USER MANUALS


Embedded Hive Metastore

Denodo Embedded MPP is shipped with an Embedded Hive Metastore that acts as a repository of metadata mapping Parquet files, Iceberg tables or Delta Lake tables - from S3, ADLS, GCS or HDFS - to Hive, Iceberg or Delta Lake tables.

The three predefined catalogs access to this Embedded Hive Metastore:

  • the hive catalog reads and writes Hive tables of Parquet files from Embedded Hive Metastore.

  • the delta catalog reads Delta Lake tables from Embedded Hive Metastore.

  • the iceberg reads and writes Iceberg tables from Embedded Hive Metastore.

Note

hive, delta and iceberg are used only by Denodo to create tables as a result of graphical exploration of datasets on the From object storage tab of the Embedded MPP data source.

Therefore hive, delta and iceberg are restricted catalogs, so they are not listed on the From MPP Catalogs tab of the Embedded MPP data source.
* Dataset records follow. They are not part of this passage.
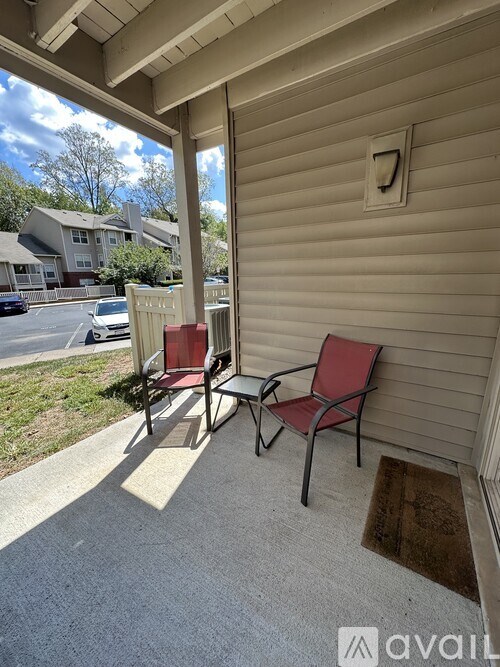 Two chairs are on a porch with a doormat in front of them.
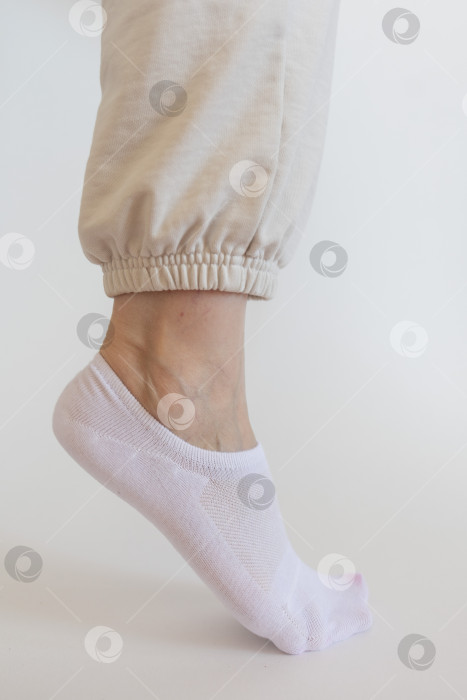 Скачать Женская ножка в белом носке на белом фоне фотосток Ozero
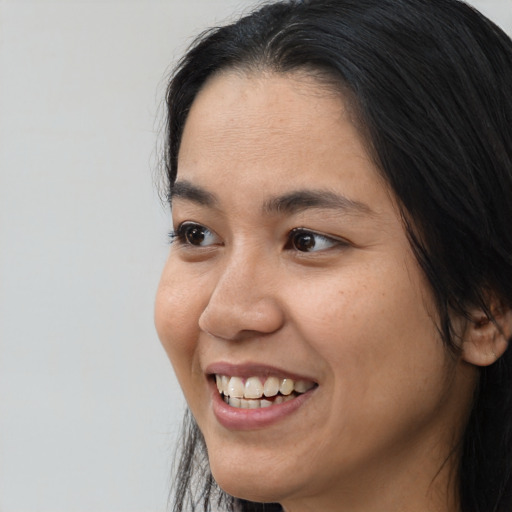 Joyful asian young-adult female with medium  brown hair and brown eyes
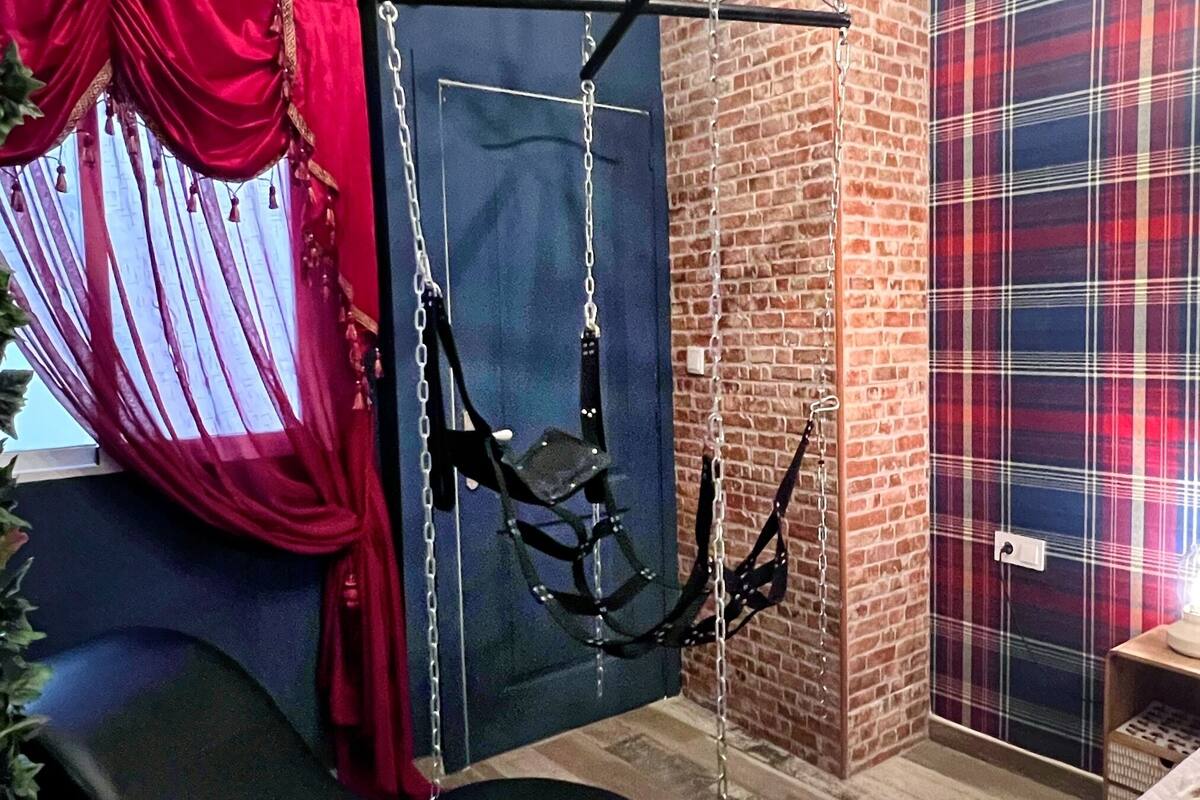 Una habitación con una hamaca colgante, un muro de ladrillo y un papel tapiz de cuadros.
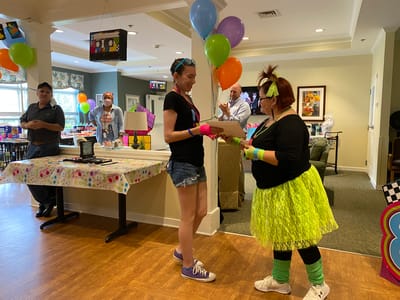 Residents and staff celebrating at a colorful event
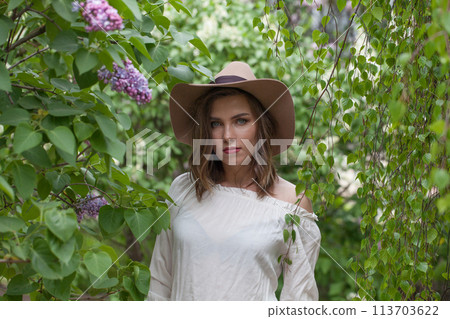 Lovely lady female model in spring leaves background 113703622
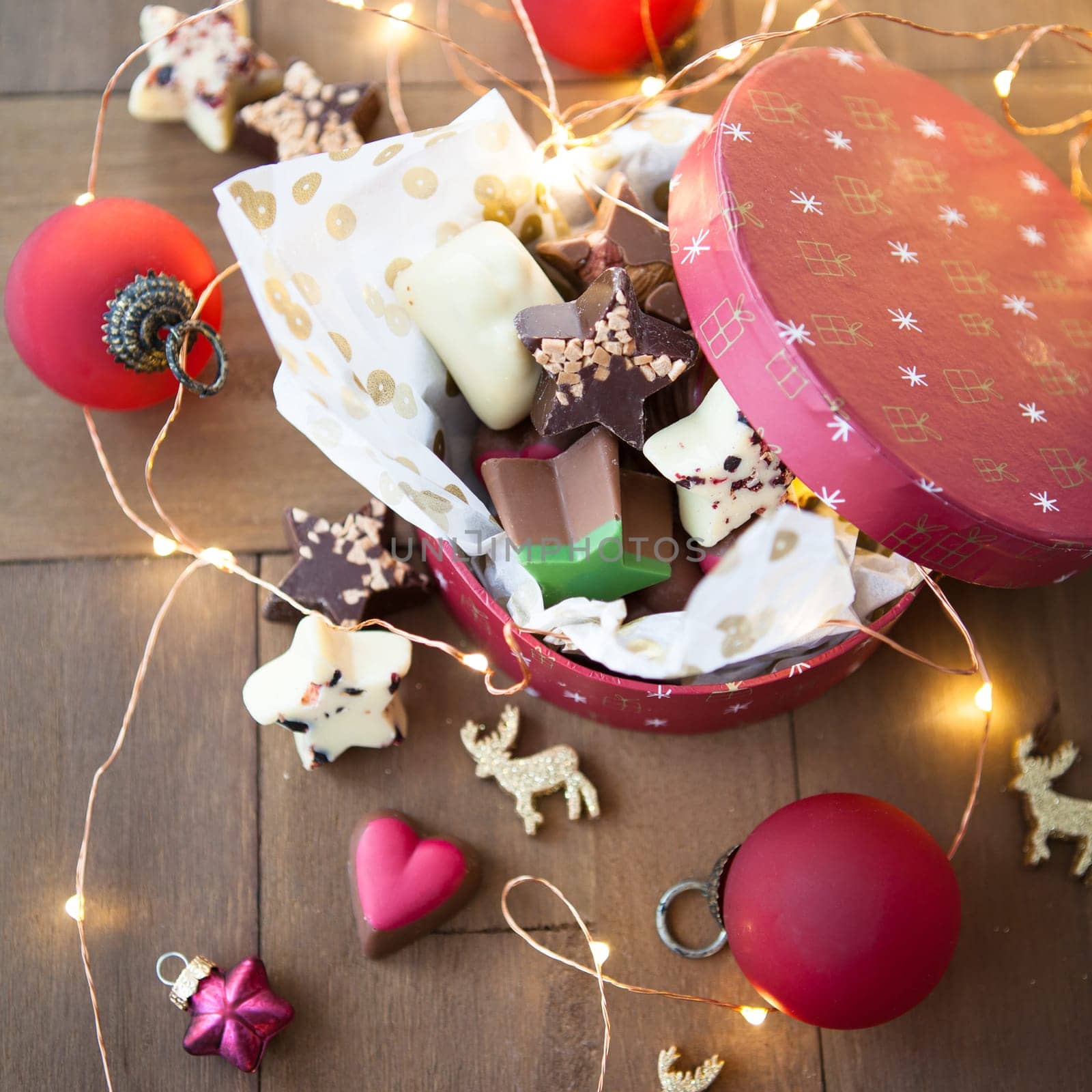 Small box with colorful chocolates for Christmas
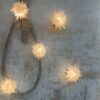 Two Artorius Natural Quartz Wall Lamp displayed on a grey wall beside other wall sconce from this collection.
Supported Operations by Format

Operation

Hive

Iceberg

Delta

Read

Yes

Yes

Yes

Create/Insert

Yes (*)

Yes (**)

No

Update

No

Yes (***)

No

Delete

No

Yes (****)

No

(*) To support write operations, make sure that Hive type catalogs have the following property:

hive.non-managed-table-writes-enabled=true

(**) To support write operations in Iceberg catalogs other than iceberg, make sure that VDP is configured as follows:

SET 'com.denodo.util.jdbc.inspector.impl.PrestoJDBCInspector.iceberg.catalogNames' = 'iceberg, other_iceberg, another_iceberg';

(***) Update operations are supported from Denodo 9.3.0. Iceberg table updates require at least format version 2 and update mode must be merge-on-read

(****) Delete operation is supported from Denodo 9.2.0. For V1 tables, the Iceberg connector can only delete data in one or more entire partitions. Columns in the filter must all be identity transformed partition columns of the target table.

Kerberos

If the dataset is located in an HDFS with Kerberos, you need to configure Kerberos-related properties:

  • You need to place the keytab file in the hive-metastore/secrets folder.
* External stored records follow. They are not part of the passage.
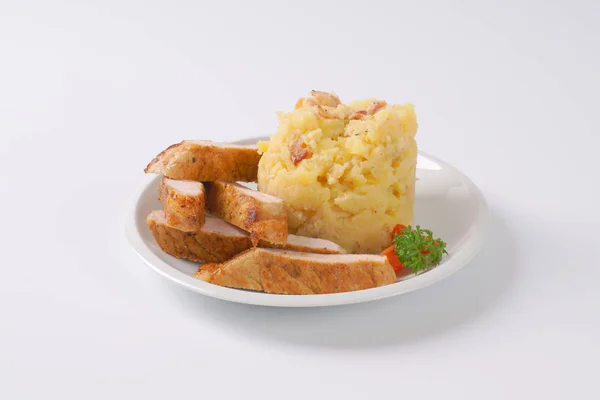 Mashed potatoes with roasted pork — Stock Photo, Image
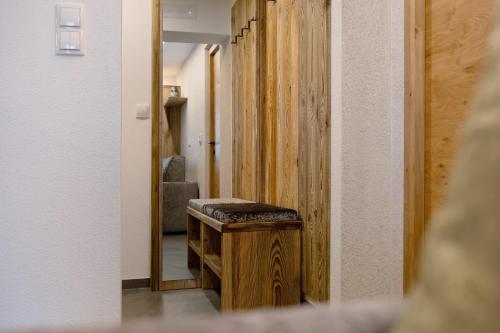 a hallway with a stool in front of a mirror at Gurschlerhof in Lasa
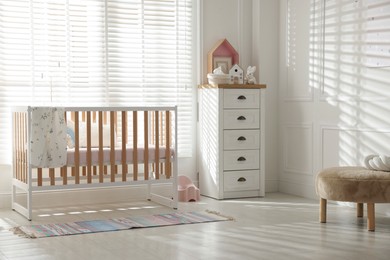Photo of Stylish baby's room with crib and chest of drawers. Interior design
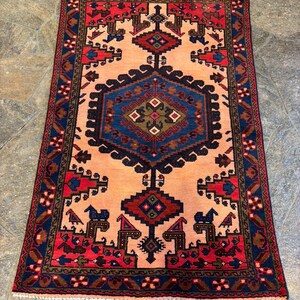 May include: A rectangular rug with a central peach-colored field and intricate geometric patterns. The rug features a navy blue border with red and brown accents. The central design includes a large blue diamond shape and smaller red and brown motifs.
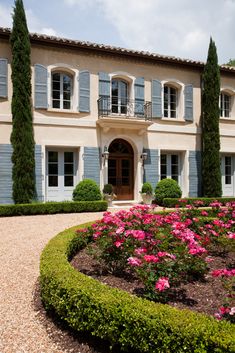 a large house with blue shutters and pink flowers in the front yard, on a sunny day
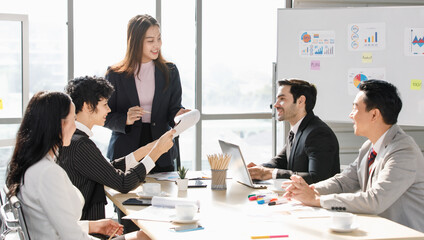 A Group of diverse businesspeople, Asan and Caucasian, make a conference together at the desk. Idea for good team at workplace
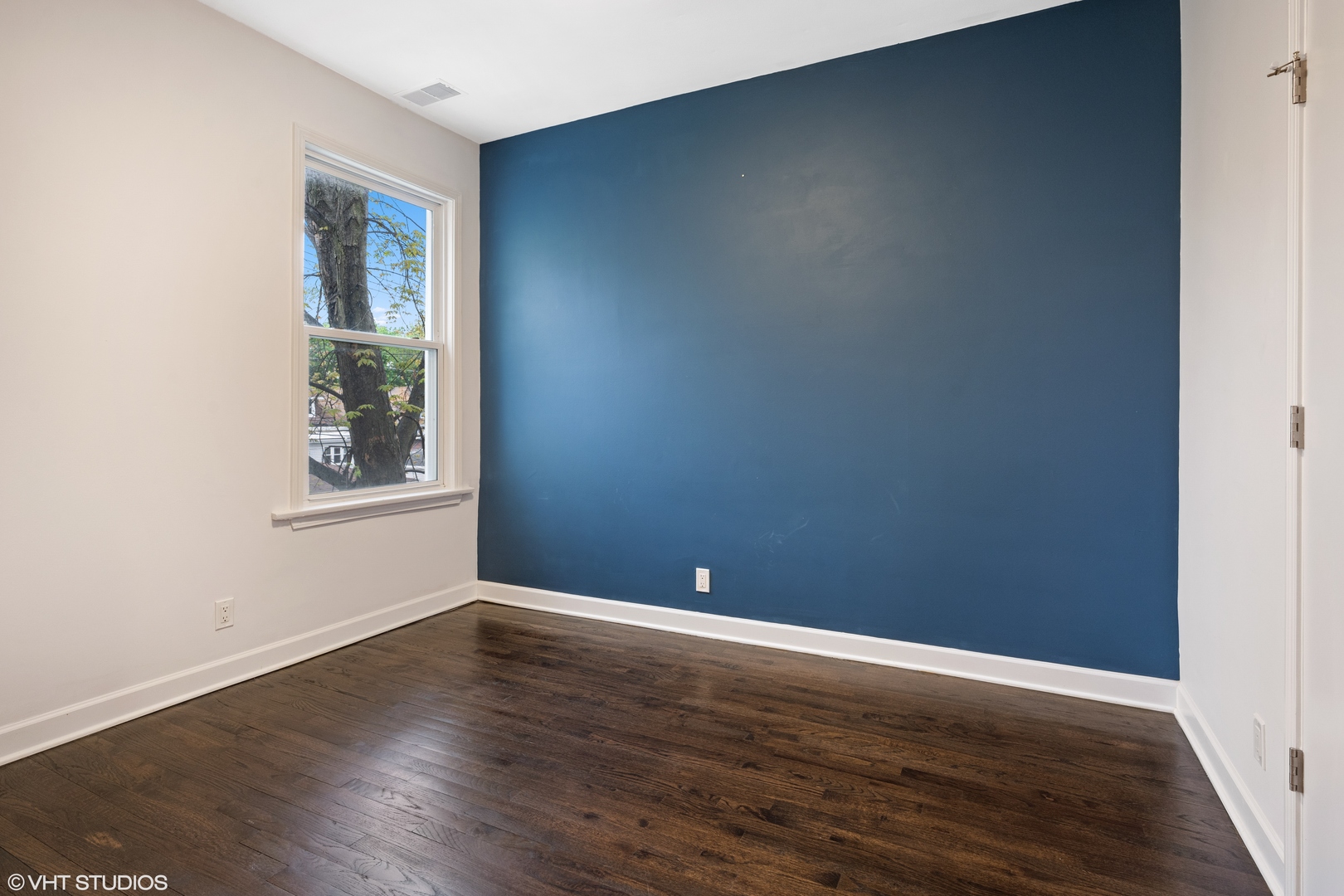 4944 North Drake Avenue, Unit 2 Chicago, IL 60625 - Photo 9 of 13 a view of an empty room with wooden floor and a window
  • Add the Hadoop properties related to Kerberos in the hive-metastore/conf/core-site.xml. This is just an example, it may be necessary to add extra properties.

    Kerberos configuration in core-site.xml
     <property>
       <name>hadoop.security.authorization</name>
       <value>true</value>
     </property>
    
     <property>
       <name>hadoop.security.authentication</name>
       <value>kerberos</value>
     </property>
    
     <property>
       <name>hadoop.http.authentication.kerberos.keytab</name>
       <value>/opt/secrets/xxxx.keytab</value>
     </property>
    
     <property>
       <name>dfs.datanode.kerberos.principal</name>
       <value>hdfs/xxxxx@YYYYYYY</value>
     </property>
    

    This way the Embedded Hive Metastore connects to HDFS as the Kerberos principal dfs.datanode.kerberos.principal, using the keytab hadoop.http.authentication.kerberos.keytab.
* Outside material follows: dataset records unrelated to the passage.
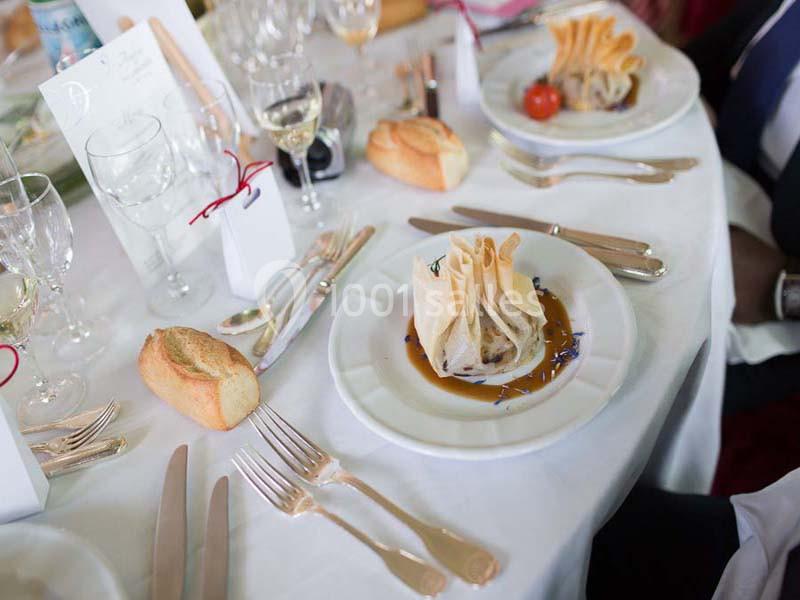 Assiette dressée avec une aumônière sur sauce, entourée de couverts, verres et pains sur une table élégante.
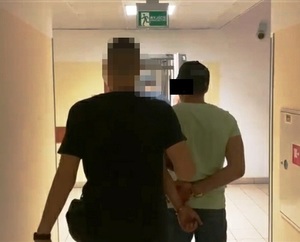 Zdjęcie przedstawia sylwetki dwóch osób idących korytarzem. Osoba z lewej strony to policjant ubrany w ciemną koszulkę na krótki rękaw. Twarz policjanta jest zasłonięta komputerowym filtrem, po jego prawej stronie idzie zatrzymany mężczyzna. Ma na sobie koszulkę na krótki rękaw, w jasnym kolorze i czarną czapkę. Część twarzy zasłania mu czarny prostokąt. Na rękach trzymanych z tyłu ma założone kajdanki. Obaj stoją tyłem do obiektywu aparatu.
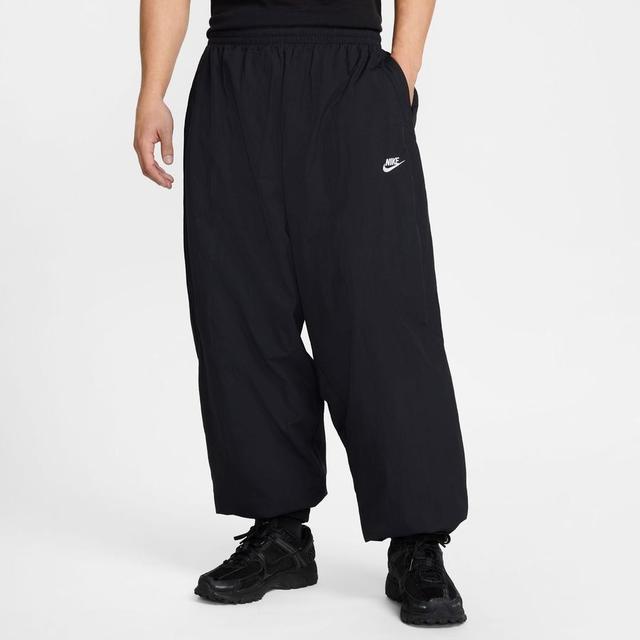 Nike Track Pants Club Woven Oversized - Black/white, size Large on Productcaster.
  • Place the krb5.conf in hive-metastore/conf

  • Add the following volumeMount to to the additionalVolumeMounts property for metastore in the values.yaml.

    Kerberos volumeMount in the additionalVolumeMounts property for metastore in the values.yaml
    additionalVolumeMounts:
      - name: hive-metastore-vol
        mountPath: /etc/krb5.conf
        subPath: krb5.conf
    
  • Replace the command in templates/hive-metastore-template.yaml with:

    Kerberos command in hive-metastore-template.yaml
      command: ['sh', '-c', "kinit -k -t /opt/secrets/xxxx.keytab xxxx@YYYY; /opt/run-hive-metastore.sh"]
    

Important

The Kerberos ticket of the Embedded Hive Metastore needs to be renewed periodically. You can automatically run the kinit -k command by setting up a cron job.

Embedded Database

The Embedded Hive Metastore stores the metadata in an Embedded PostgreSQL.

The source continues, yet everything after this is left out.